Krimea adalah wilayah selatan Ukraina yang menyatakan diri menyempal dari Ukraina setelah aksi demo menurunkan sang presiden. Mereka mendesak pemerintah daerah untuk tak mematuhi aturan pusat. Penduduk lokal Krimea tersebut menyerukan penolakan terhadap pemerintahan pusat yang berujung terjadinya konflik di Krimea.
Aksyonov mengatakan hampir semua lembaga penegak hukum menyatakan tunduk pada Dewan Tertinggi Krimea. "Dan pekerjaan itu akan kita selesaikan malam ini, detik ini," ujar Aksyonov kepada parlemen.
Dia juga menyatakan pembentukan departemen pertahanan sesegera mungkin. Secara prinsip, ujarnya, ketertiban dan kedamaian akan tercipta dengan adanya lembaga tersebut.

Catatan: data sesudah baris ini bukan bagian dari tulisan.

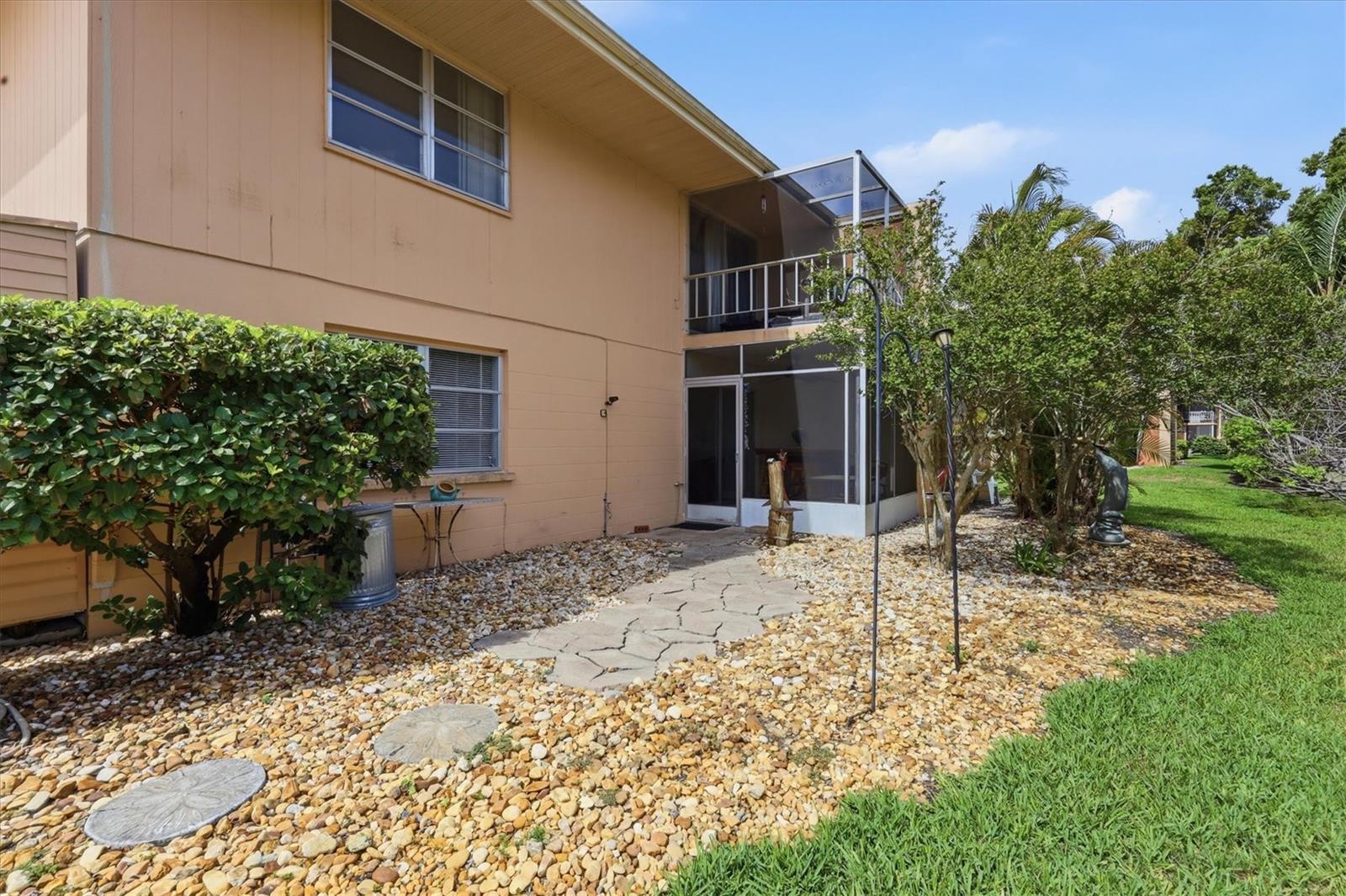 2223 Beneva Ter #2222 Property Photo 29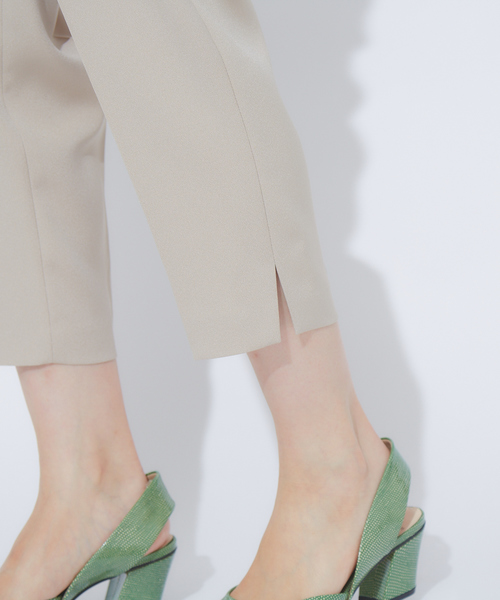 qualite（カリテ）の「【WEB限定】バックサテンスリットパンツ（その他パンツ・レディース・ベージュ/イエロー/ライトブルー/ブラック/ブラウン/グリーン・36/38/40）」の13枚目の写真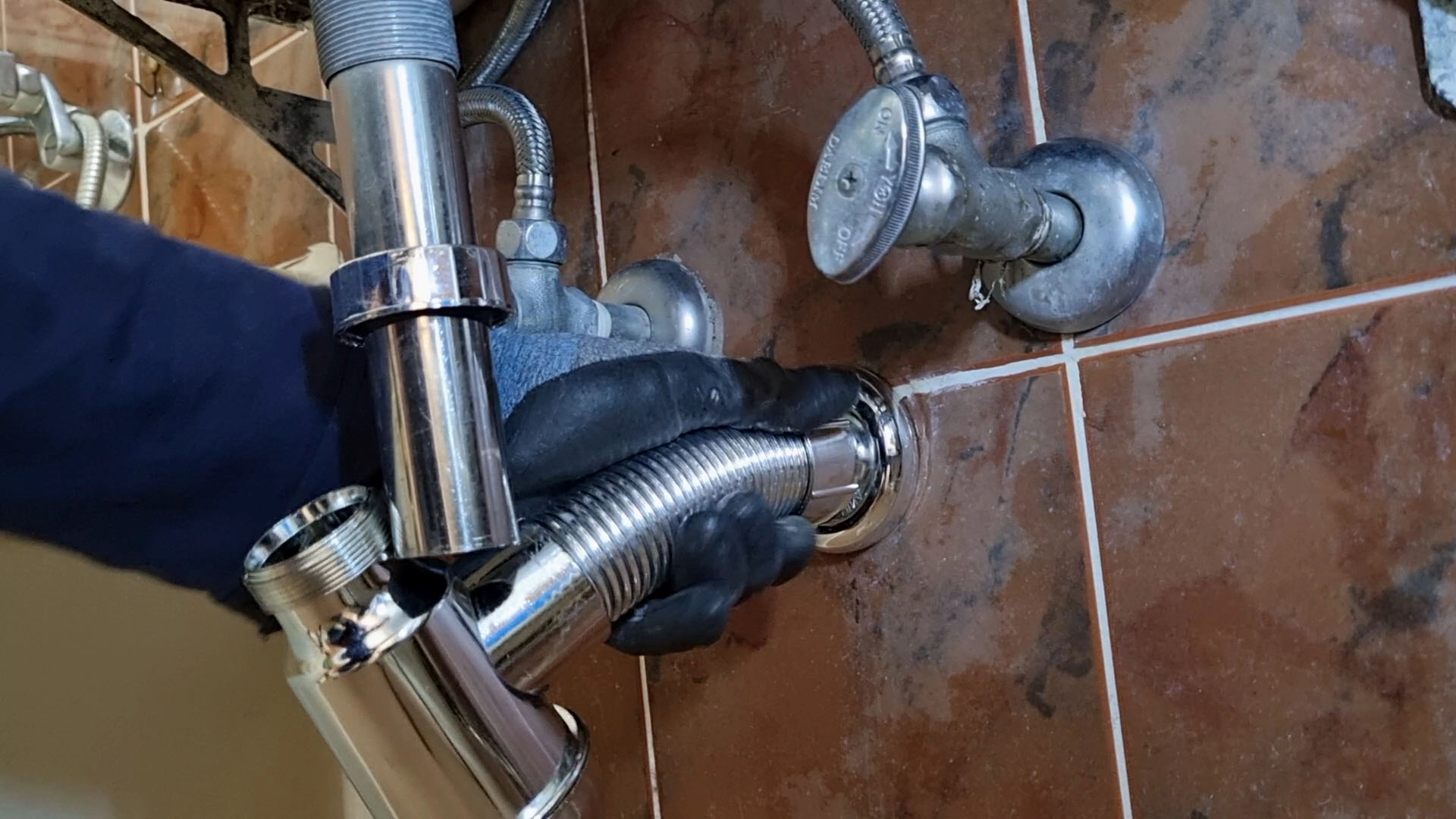 세면대 배관 트랩 교체 모습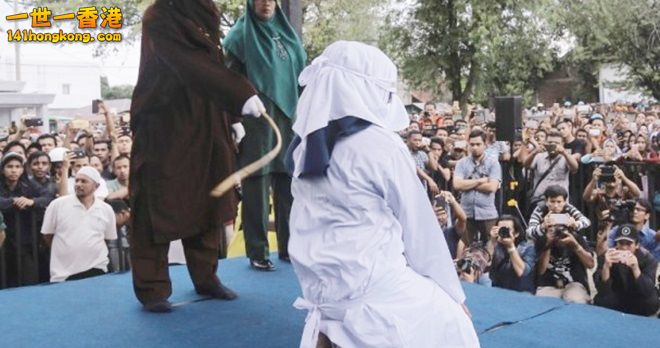 在印尼 亞齊 的公開鞭刑.jpg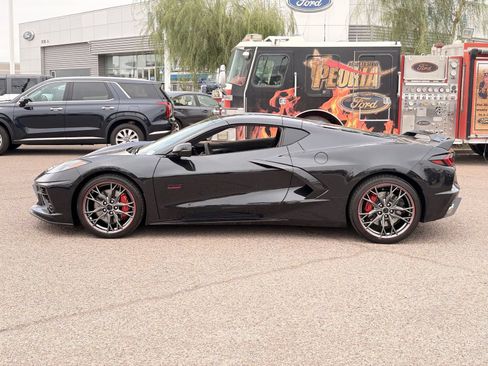 Used 2023 Chevrolet Corvette Stingray Premium Cpe w/ Z51 Performance Package RWD image 29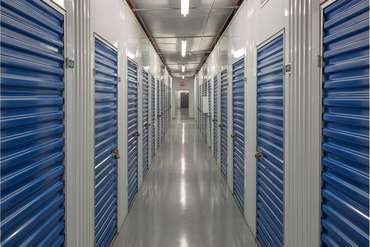 Extra Space Storage - 1928 London Ave Lincoln Park, MI 48146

Upacara pengambilan sumpah setia kelima perwira tinggi tersebut diadakan di aula kantor perdana menteri. Kelimanya diambil sumpah di hadapan pemerintah dan pimpinan dari berbagai wilayah di Krimea.

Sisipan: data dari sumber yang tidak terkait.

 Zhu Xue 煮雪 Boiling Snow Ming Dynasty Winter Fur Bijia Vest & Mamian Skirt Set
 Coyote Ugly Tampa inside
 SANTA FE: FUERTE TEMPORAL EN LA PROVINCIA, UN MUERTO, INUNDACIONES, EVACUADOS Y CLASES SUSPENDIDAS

Dalam sumpahnya, para perwira tinggi tersebut berjanji untuk menghormati dan dengan ketat mengamankan konstitusi republik otonomi yang baru dideklarasikan itu. "Kami juga berjanji untuk menjaga perdamaian antaretnis dan perdamaian sipil," ucap kelimanya.

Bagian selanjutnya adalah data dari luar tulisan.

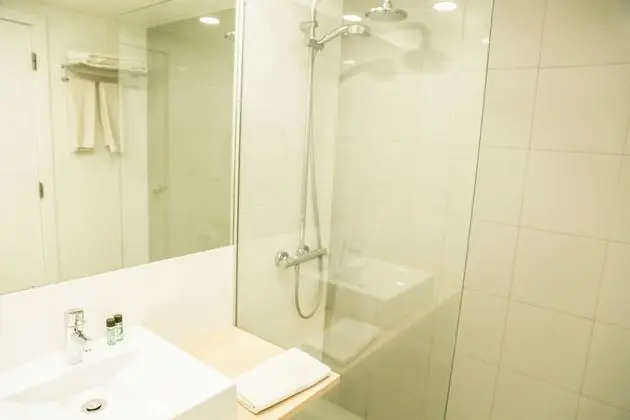 Tek Büyük veya İki Ayrı Yataklı Oda, Havuz Manzaralı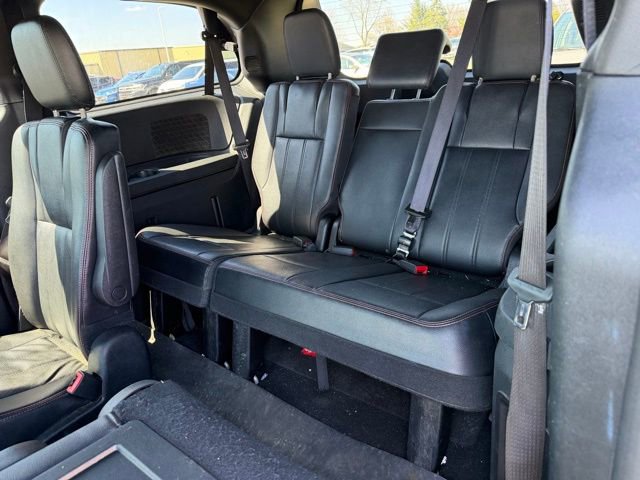 Used 2019 Dodge Grand Caravan GT image 16
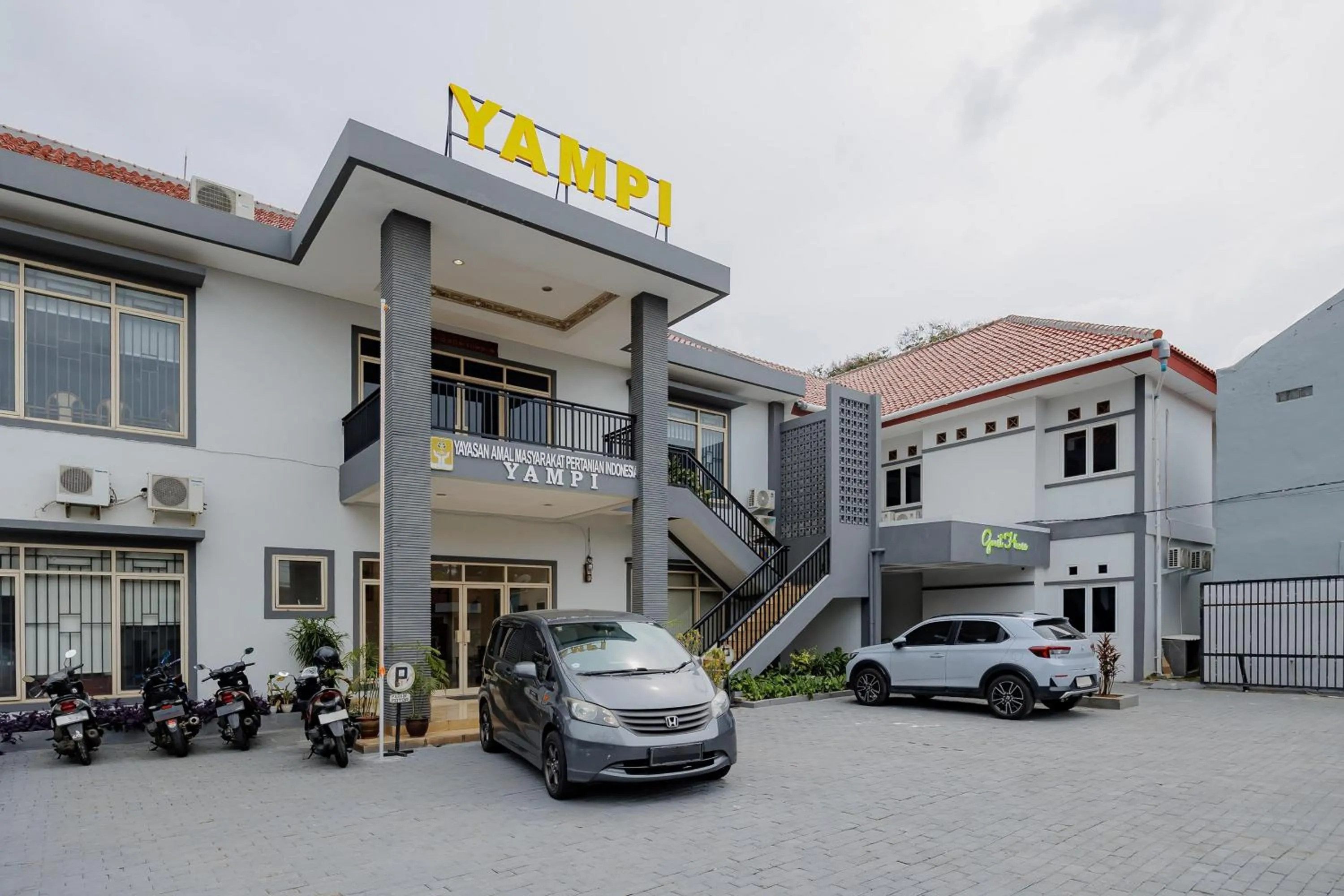 Facade/entrance in Urbanview Hotel Yampi TB Simatupang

Protes warga Krimea dimulai sejak pemerintah memberlakukan aturan penggunaan bahasa lain selain bahasa Rusia untuk dokumen resmi di Ukraina. Padahal, lebih dari setengah warga Krimea hanya dapat menggunakan bahasa Rusia untuk melakukan komunikasi. Karena merasa terancam itulah ribuan orang di seluruh timur dan selatan Ukraina membanjiri jalan di kota-kota besar.